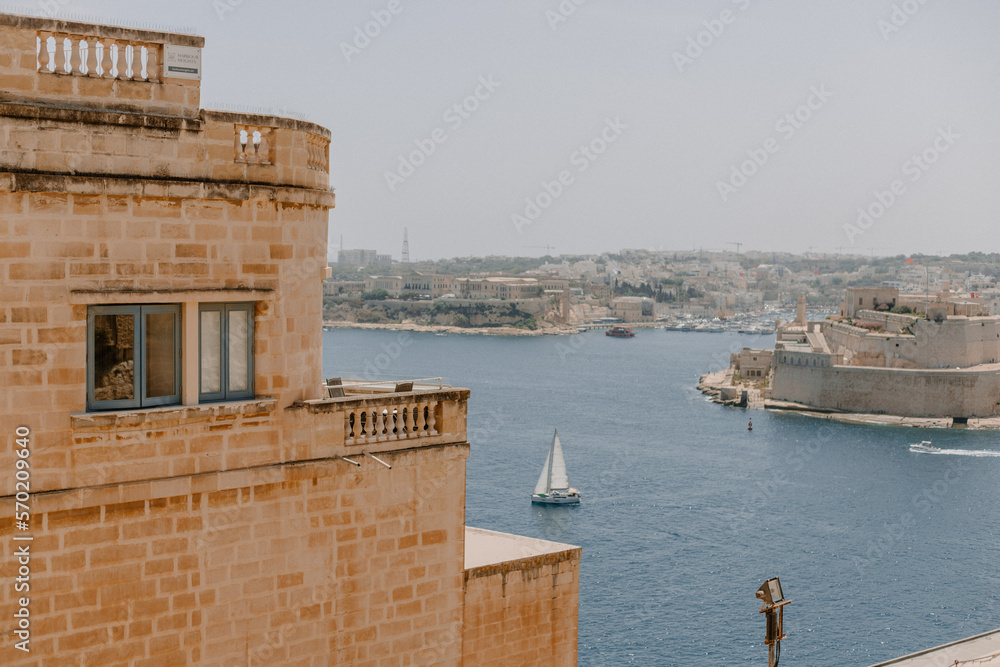 View of the sea and a sail boat from a lookout in Valletta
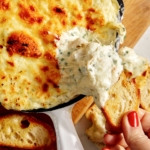 Baked garlic bread dip in a skillet.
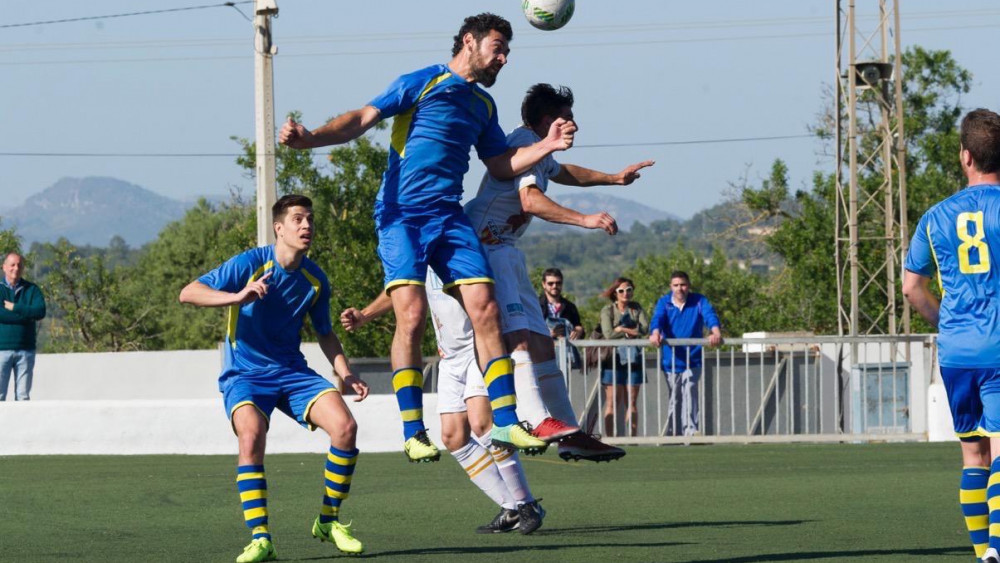 Biel Medina despeja un balón ante un delantero del Felanitx (Fotos. futbolbalear.es)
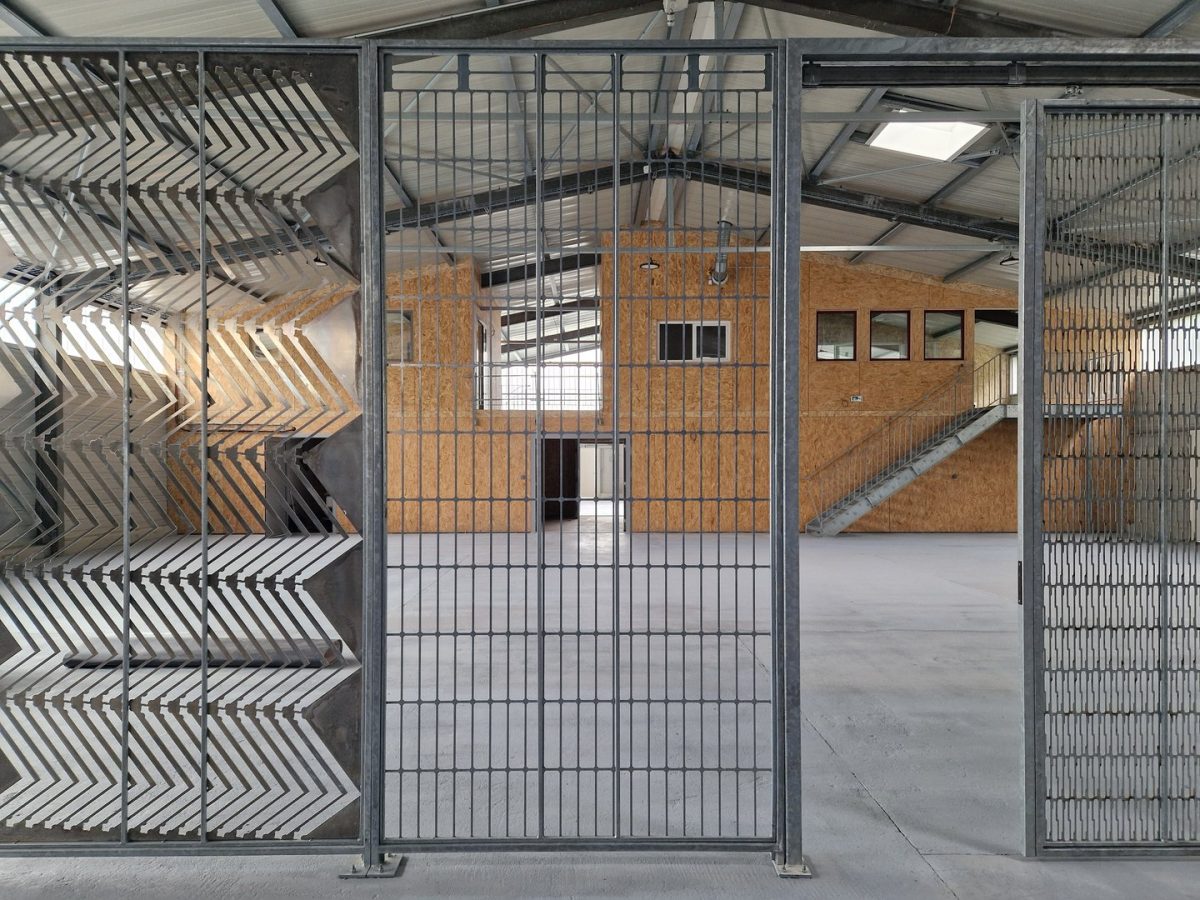Porte coulissante en acier avec grille verticale ouvrant sur un espace industriel avec murs en OSB et structure métallique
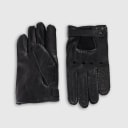 Gloves in natural black lambskin, made in an Italian artisan workshop. Designed by the Italian designer Francesco Rigucci. Entirely hand-sewn from smooth lambskin, prized for its exceptional softness. They are unlined, which makes them just as wearable on milder days. The cut-out at the wrist gives them their modern shape. The signature solid brass fastening comes in gunmetal finish, nickel-free and protected with a durable polished coating. Available in sizes 7, 7.5, 8, 8.5, 9 and 9.5 (the size matches the hand circumference in inches).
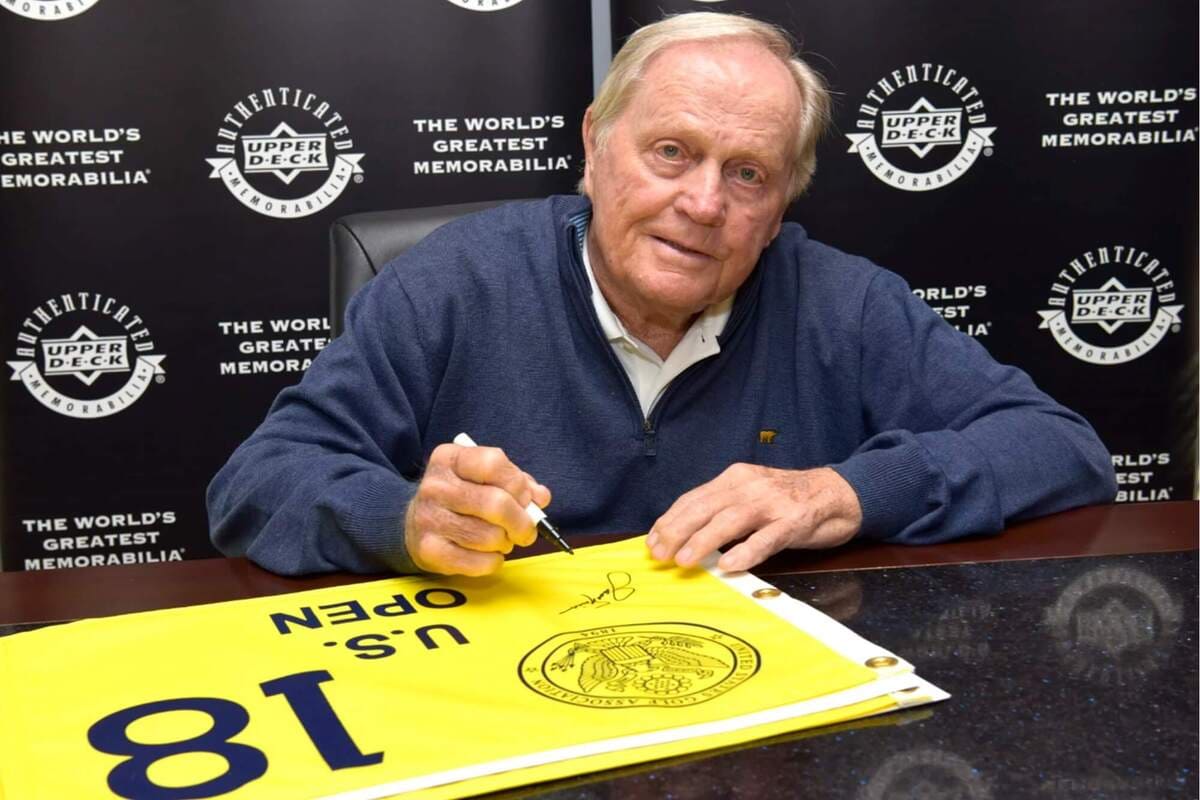 レジェンドゴルファーがサイン会で U.S. OPEN フラッグに直筆サインを書いている様子。背景にメモラビリアブランドのロゴ。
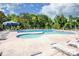 Community pool with multiple lounging areas and shade umbrellas at 127 Doncaster Dr, Mooresville, NC 28115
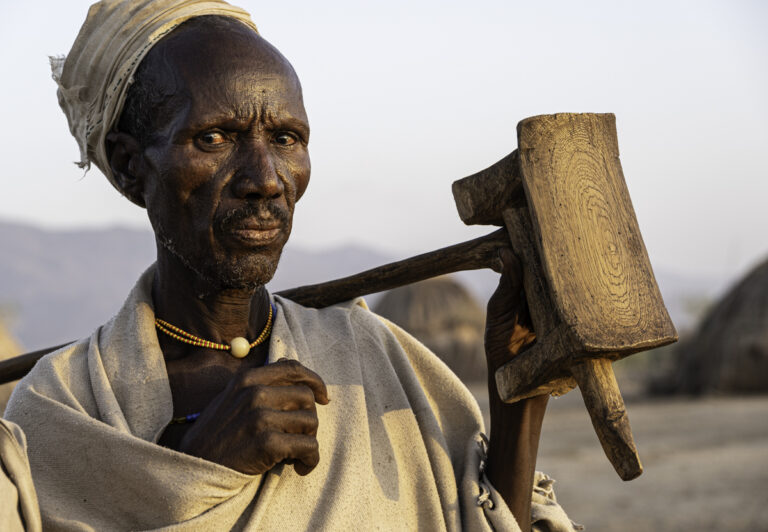 The men of the Arbore tribe typically carry around a small hand-carved stool, used both for sitting and as a headrest when sleeping.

|---|

◆ INSTRUCTIONS FOR THE TASK ◆
Copy nothing but the lines from the top of the data down to the line containing "Community pool with", and leave the pictures out.

◆ EXPECTED ANSWER ◆
 View of the sea and a sail boat from a lookout in Valletta
 Baked garlic bread dip in a skillet.
 Biel Medina despeja un balón ante un delantero del Felanitx (Fotos. futbolbalear.es)
Porte coulissante en acier avec grille verticale ouvrant sur un espace industriel avec murs en OSB et structure métallique
 Gloves in natural black lambskin, made in an Italian artisan workshop. Designed by the Italian designer Francesco Rigucci. Entirely hand-sewn from smooth lambskin, prized for its exceptional softness. They are unlined, which makes them just as wearable on milder days. The cut-out at the wrist gives them their modern shape. The signature solid brass fastening comes in gunmetal finish, nickel-free and protected with a durable polished coating. Available in sizes 7, 7.5, 8, 8.5, 9 and 9.5 (the size matches the hand circumference in inches).
 レジェンドゴルファーがサイン会で U.S. OPEN フラッグに直筆サインを書いている様子。背景にメモラビリアブランドのロゴ。
 Community pool with multiple lounging areas and shade umbrellas at 127 Doncaster Dr, Mooresville, NC 28115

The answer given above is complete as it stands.